(THE RECORDS)

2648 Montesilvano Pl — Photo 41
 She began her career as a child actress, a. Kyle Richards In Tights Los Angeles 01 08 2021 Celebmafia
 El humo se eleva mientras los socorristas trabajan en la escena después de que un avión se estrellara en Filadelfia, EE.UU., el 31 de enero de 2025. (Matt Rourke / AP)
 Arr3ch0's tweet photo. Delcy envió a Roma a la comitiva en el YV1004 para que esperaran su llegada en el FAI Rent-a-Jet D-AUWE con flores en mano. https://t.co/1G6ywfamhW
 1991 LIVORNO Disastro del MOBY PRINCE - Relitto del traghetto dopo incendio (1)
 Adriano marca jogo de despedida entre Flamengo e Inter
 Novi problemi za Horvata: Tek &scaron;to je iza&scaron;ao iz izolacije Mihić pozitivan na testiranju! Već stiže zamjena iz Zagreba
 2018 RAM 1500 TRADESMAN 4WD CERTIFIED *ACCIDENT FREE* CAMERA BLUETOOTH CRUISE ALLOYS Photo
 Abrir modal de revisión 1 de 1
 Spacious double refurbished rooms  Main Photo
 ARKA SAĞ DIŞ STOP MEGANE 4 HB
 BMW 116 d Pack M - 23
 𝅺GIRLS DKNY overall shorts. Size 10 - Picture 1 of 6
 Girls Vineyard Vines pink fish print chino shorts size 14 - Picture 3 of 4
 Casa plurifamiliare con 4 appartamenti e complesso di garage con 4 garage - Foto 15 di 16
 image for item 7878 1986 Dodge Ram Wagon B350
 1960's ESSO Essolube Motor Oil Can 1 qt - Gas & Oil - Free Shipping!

(End THE RECORDS)

## [WHAT THIS TASK INVOLVES]
From the data above, return every line from the line that has "Novi problemi za" up to and including the line that has "BMW 116 d Pack M - 23", exactly.

## [RESPONSE]
 Novi problemi za Horvata: Tek &scaron;to je iza&scaron;ao iz izolacije Mihić pozitivan na testiranju! Već stiže zamjena iz Zagreba
 2018 RAM 1500 TRADESMAN 4WD CERTIFIED *ACCIDENT FREE* CAMERA BLUETOOTH CRUISE ALLOYS Photo
 Abrir modal de revisión 1 de 1
 Spacious double refurbished rooms  Main Photo
 ARKA SAĞ DIŞ STOP MEGANE 4 HB
 BMW 116 d Pack M - 23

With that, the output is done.